There almost wasn’t a second time. “I went the first time at the Y, and I said, ‘I will not be back,’” Spell remembered. “It wasn’t tennis. It wasn’t like tennis. It’s called a paddle in pickleball, and it’s called a racket in tennis. I kept saying, ‘My racket’s too short.’”
And then there was the issue of breaking an old tennis habit.
“(In pickleball), there’s a line on either side of the net,” Spell explained. “It’s called the kitchen line. You cannot touch the line with your feet. …On an overhead (shot) in tennis, you step forward and hit it. I was doing that every time and making a good shot. But I had stepped into the kitchen, so I would lose the point. Once I finally learned to straddle my legs a little bit …” Yes, Spell – with her friends’ encouragement – decided to give pickleball another try.

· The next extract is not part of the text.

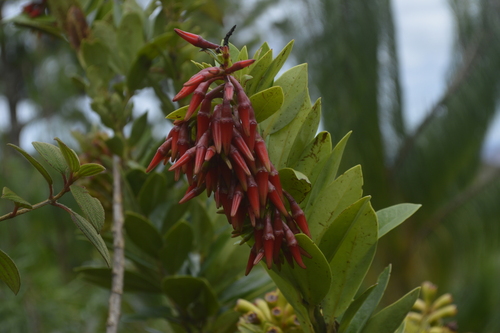 Ceratostema loranthiflorum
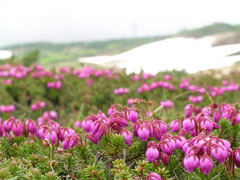 teikan_l3.jpg teikan_l3.jpg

Now, the former school teacher is a regular, playing on courts throughout Shreveport-Bossier.
“I’m glad I went back that second time because I really enjoyed it.”
And Sell is not alone. “New data points to over 36 and a half million players have played pickleball at least once in the past year,” said Brandon Mackie, co-founder of pickleheads.com, a website that lets you know where to find a pickleball court. “That would place pickleball just behind running and cycling as the most popular sports or activities in the entire country. That’s more than tennis, golf or basketball.”
Pickleball combines many elements of tennis, badminton and ping-pong. It can be played as singles or doubles on a court smaller than a tennis court. Pickleball was invented in the 1960s, but since 2020, it has seen a considerable increase in popularity.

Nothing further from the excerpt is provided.